ChatGPT excels at differential diagnostics in hard cases
Today’s go-to generative AI—namely ChatGPT-4—is pretty darned good at parsing out probable diseases in difficult-to-diagnose patient cases.
Harvard researchers at Beth Israel Deaconess Medical Center came to the conclusion by challenging a ChatGPT bot to give differential diagnoses for 70 particularly problematic cases. The cases were previously selected for educating physicians at 2023 conferences by the New England Journal of Medicine. (These teaching resources are best known by shorthand as clinicopathologic conferences.)

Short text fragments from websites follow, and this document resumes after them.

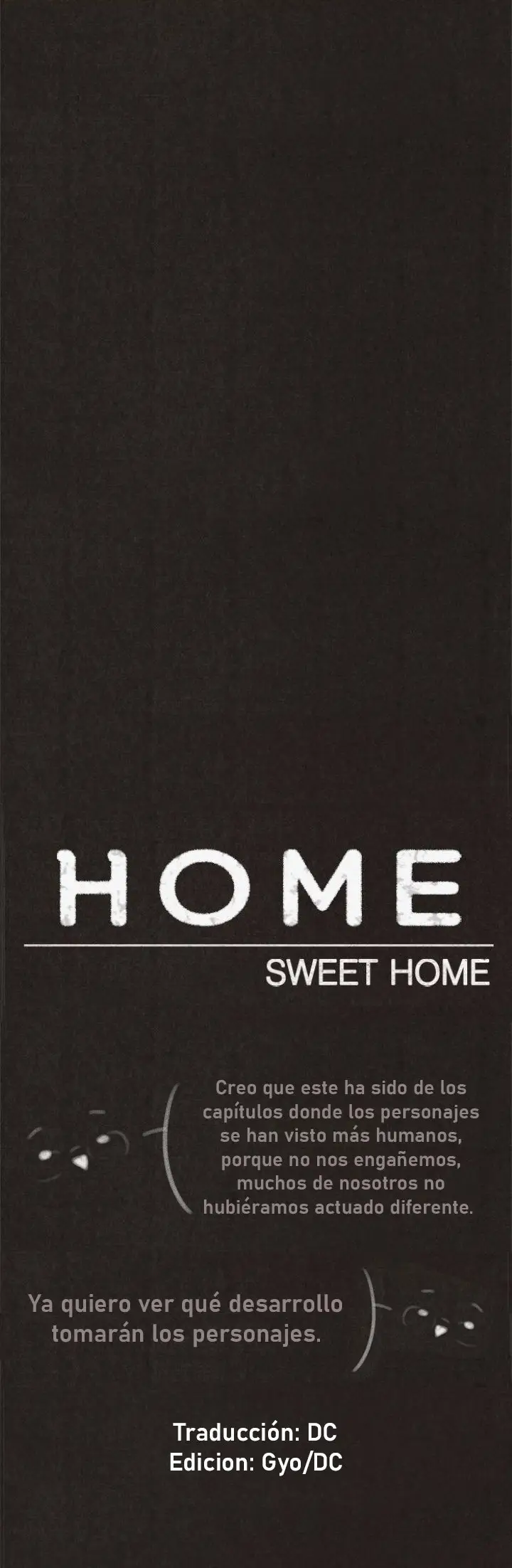 Sweet Home (2020) - Capítulo 98 - Página 29 - LectorTMOo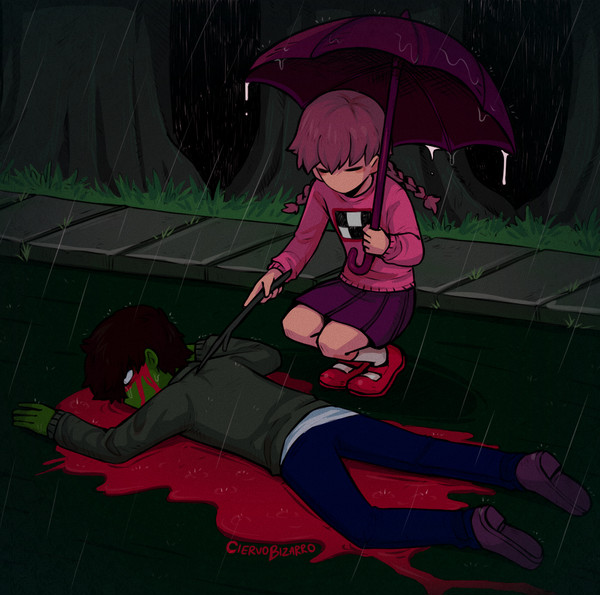 死体さん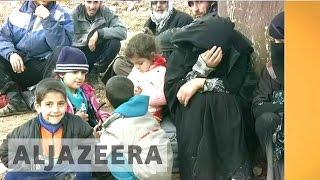 How bad is the humanitarian crisis in Mosul? – Inside Story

Here are answers to five questions raised by the present research.
- What’s the deal with differential? Differential diagnoses generally use lists to name conditions that might be causing the puzzling set of signs and symptoms. The lists are typically arranged in order of most to least likely final diagnosis. The approach takes into account medical histories, lab results and imaging findings.
- How good is ChatGPT at this? In the present study, published June 15 in the Journal of the American Medical Association (JAMA), Chat GPT-4 came back with the same final diagnosis as expert physicians at a 39% clip (27 of 70 cases). Meanwhile the technology included the final diagnosis in 64% of its differential lists (45 of 70 cases).
- What benchmarks exist to place the new findings in context? ChatGPT’s performance compares favorably with that of earlier differentiator tools based in natural language processing (NLP). The authors cite a 2022 study showing an impressive rate of correct final diagnoses, 58% to 68%, while noting that forerunner’s only measure of quality was a “useful” vs. “not useful” binary. By comparison, in the present study, ChatGPT gave a “numerically superior mean differential quality score,” the Beth Israel Deaconess researchers report.
- How solid is the new evidence? The authors—Zahir Kanjee, MD, MPH, Byron Crowe, MD, and Adam Rodman, MD, MPH—acknowledge some limitations in their study design. These included a touch of subjectivity in the outcome metrics and a lack of some important diagnostic information in the patient cases due to protocol limitations. On the other hand, if anything, this deficiency probably showed up as an underestimation of the model’s capabilities, they suggest.
- What is the upshot? Generative AI is “a promising adjunct to human cognition in diagnosis,” the authors conclude.
Additional author commentary:
“The model evaluated in this study, similar to some other modern differential diagnosis generators, is a diagnostic ‘black box.’ Future research should investigate potential biases and diagnostic blind spots of generative AI models.”
Clinicopathologic conferences like those from NEJM “are best understood as diagnostic puzzles,” the authors add. “Once privacy and confidentiality concerns are addressed, studies should assess performance with data from real-world patient encounters.”